The visit went better than they have done in the past, and not only because of his apparent increase in housekeeping skills. I guess it’s true what they say, that time really does heal all. But still, there were moments that caught me offguard which I suppose won’t be going anywhere anytime soon. Like last time finding the dress she wore when she left on honeymoon, labelled and packed away in the farthest reaches of one of the closets, a picture of her in her wedding dress that was tucked into the corner of the vanity mirror in the room I slept in hurt my heart a little. It’s not like I knew her then, so it shouldn’t have. But it was more just another piece of her that’s been left behind, further reminding me that she’s no longer here.

I think that’s the part I struggle with the most.

Anyways, I have a backlog of baking posts that need to be seen to this week, as well as a project I’m working on. The same project I’d alluded to in my last apology post. But I still can’t say much on that topic lest I jinx it. But once I am able to, trust me – I will let you know.

A Leap of Faith

Today was kind of a big deal. It was my last day at a job I have held for the last five years with a company whose products and people I adore. So what’s the problem, I can almost hear you ask – is she crazy?

The short answer to that would be ‘yes’. As for the problem, in addition to the crazy part and at the risk of sounding dramatic, it was a job that was slowly killing me from the inside. So I did something that is so drastically out of character for me, it barely seems believable – I took the advice (or rather, the insistence) of my doctor and left a perfectly stable income for the sake of my mental and physical wellbeing. That’s obviously simplifying the situation, because there are several more factors involved in such things, but the end result remains the same. And for someone who tends to define themselves based on the work that they do, that’s more than a little intimidating. If I’m not working, then what measure am I to use to judge myself against? What happens now? Who am I exactly?

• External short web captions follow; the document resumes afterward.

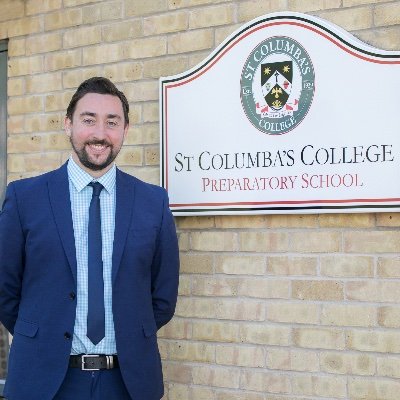 Head of Prep at @StColumbasHerts, a Catholic independent school for ages 4–18.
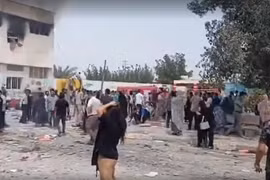 Thế giới lo ngại về một cuộc chiến tranh rộng lớn hơn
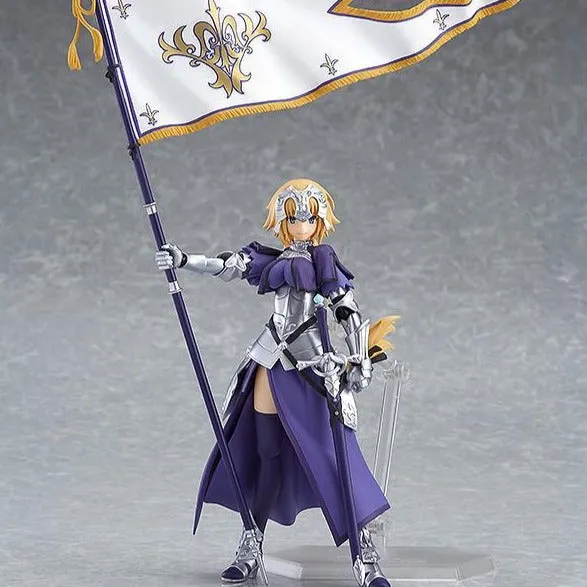 Astronaut Figure Spiritual Icon 366 Fate/Grand Order figma Ruler/Jeanne d'Arc(re-run)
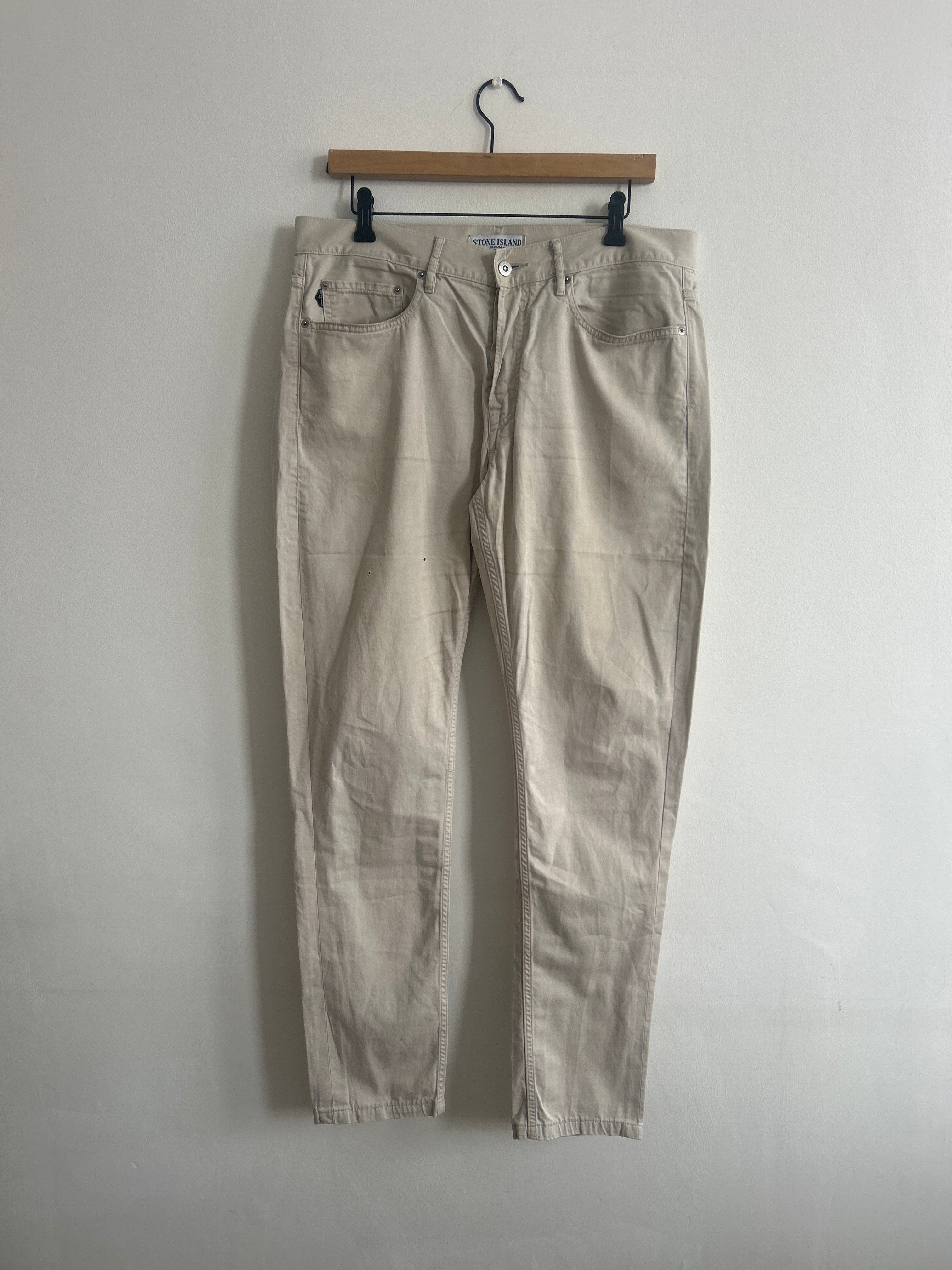 Stone Island Chinos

It’s the answers to those tough questions that has brought about this little blog you’re reading. Writing has always been a great passion of mine, something I turned to when all else had failed; aprons and the baking that goes along with them, however, are a much more recent obsession. I went from having no aprons just before Christmas last year – roughly about when my life started to fall apart – to now having seven of them. Hence the name: Seven Aprons.

Hopefully you will come along for the ride as I try to find those bits and pieces of myself that seem to have gotten lost along the way. I will do my best to keep you entertained. And, of course, well fed. Because when you find yourself with an apron for each day of the week, how can you not bake up some good?